Friday, June 16, 2023

Who is to answer for the 110,000 dead?


This morning I see How the DEA is behind the continued Adderall shortage by Tom Knighton.  He has the same message as Sulkin (see yesterday's post), just more explicit.  There is an Adderall shortage because the DEA wants there to be an Adderall shortage.  He goes one step further.  Quoting another source at Reason magazine:

Government-backed lawsuits that blamed pharmaceutical distributors for contributing to opioid abuse and deaths created another kink in the stimulant supply chain. After the three largest distributors and Johnson & Johnson reached a $26 billion settlement with state and local governments in February 2022, Reuters reported, the companies began cracking down on what they deemed suspicious orders from independent pharmacies. When pharmacies dispensed stimulants such as Adderall and sedatives such as Xanax to the same patient, for example, the distributors saw a red flag.
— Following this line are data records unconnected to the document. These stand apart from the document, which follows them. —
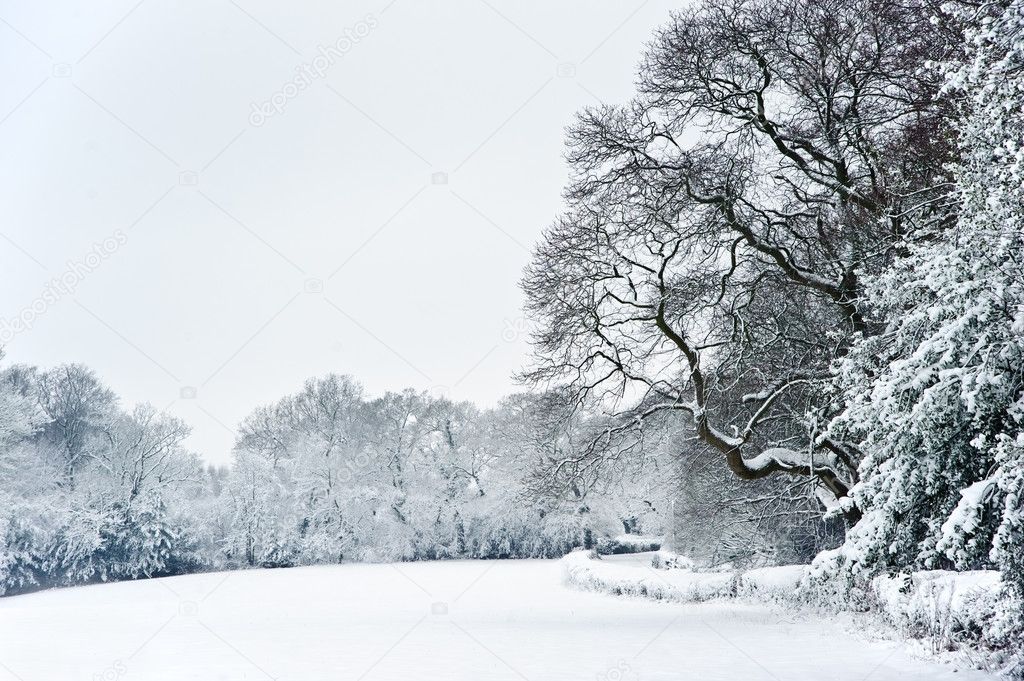 English rural countryside Winter snow landscape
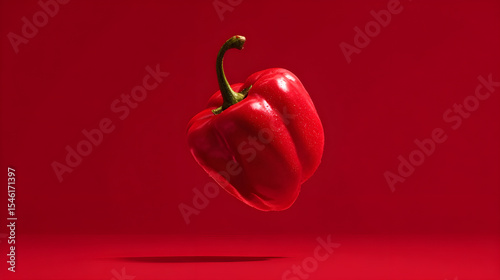 Floating Red Bell Pepper on Red Background – Minimalist Food Concept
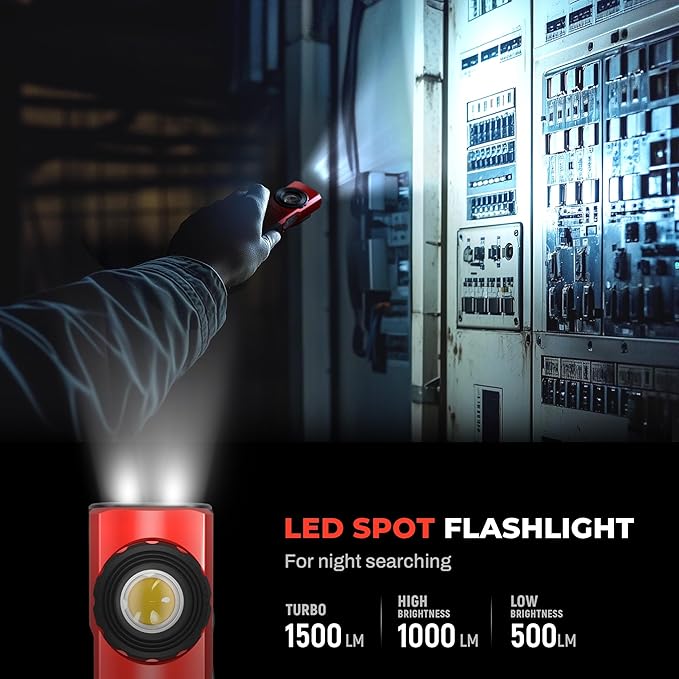 Anhay Rechargeable Flashlights 1500 Lumens EDC Flat Flashlight with 8 Modes, Pocket Flashights Waterproof, Magnetic Small Flashlights Powerful for Checking, Working, Camping, USB-C Charging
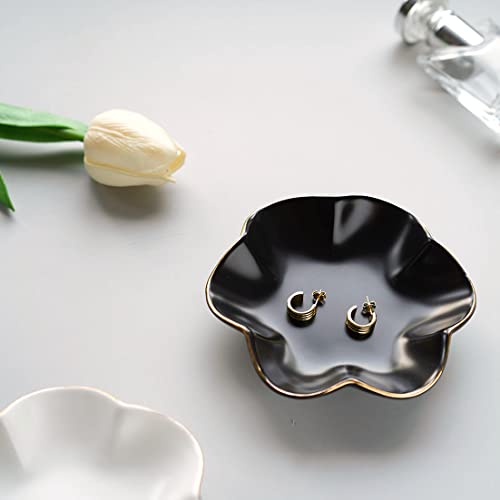 4.7 inch Small Ring Dish, Ceramic Jewelry Holder Tray, Black Catch All Trinket Bowl for Keys Rings Earrings - color: Black
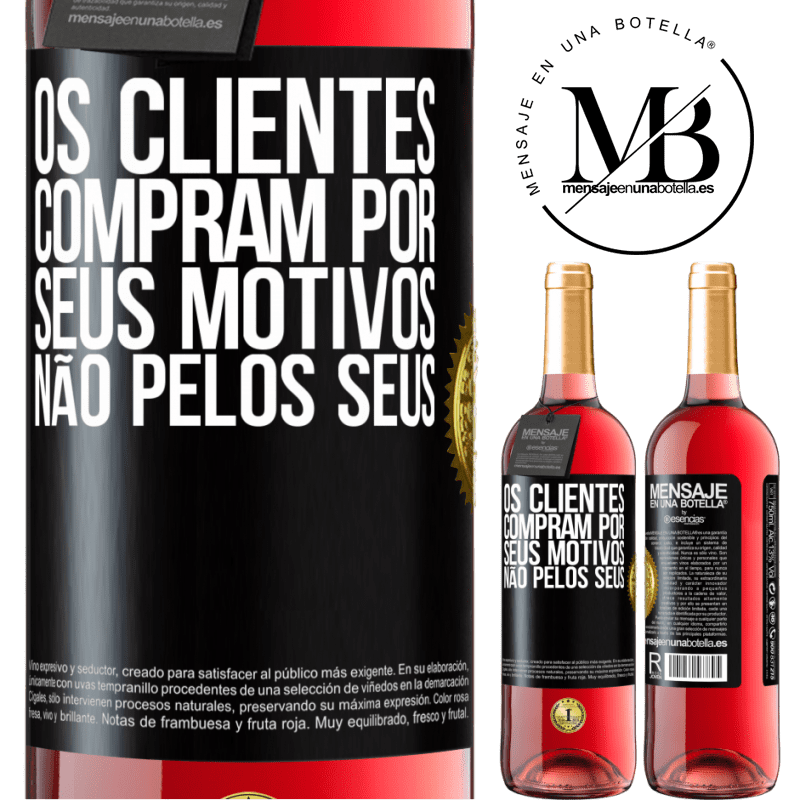 29,95 € Envio grátis | Vinho rosé Edição ROSÉ Os clientes compram por seus motivos, não pelos seus Etiqueta Preta. Etiqueta personalizável Vinho jovem Colheita 2023 Tempranillo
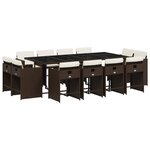vidaXL Ensemble à manger de jardin avec coussins 13 Pièces marron rotin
DEA deliberately restricts production of the ingredients to Adderall in order to reduce drug dependency.  DEA also exerts control over pharmaceutical companies to reduce access to Adderall and other drugs.  As Adderall and pain control medications become unavailable, people turn to other drugs to deal with pain and ADHD.  In doing so, their experimentation with alternatives to deal with the shortages deliberately created by the DEA then leads to yet further increases in drug overdose deaths.  Deaths which are already at an all time high of 110,000.  110,00 compared to 70,000 pre-pandemic and compared to 20,000 in 2000.  

The more the DEA, FDA, and CDC get involved in managing drugs and public health, the higher is the death rate.  



















Click to enlarge.

Taking 2019 as the starting point for when FDA, CDC, and DEA got more emboldened about planning and managing the pharmaceutical industry and the nation's health, we have 20,000 extra deaths in 2020, 40,000 extra deaths in 2021, and 50,000 extra deaths in 2022.  

Overall, it appears that FDA, CDC, and DEA, through bad public health policy and in particular, mismanagement of the pharmaceutical market, have directly or indirectly caused an excess of 110,000 American deaths above what we would normally have expected.

The government killed 110,000 people in three years.  Significantly more than the 80,000 in the Korean War and Vietnam War together (source) over fourteen years.

There are a thousand legitimate shadings away from that bald argument, but it is not quite a mote and bailey.  It certainly appears the bad public health policy and misguided pharmaceutical drug policy over the past three years have been responsible for tens of thousands of avoidable deaths.  

And the clerisy blithely sail down the balmy river of their sheltered and protected lives, afloat on deficit spending, and at the expense of the lives and well-being of the average American.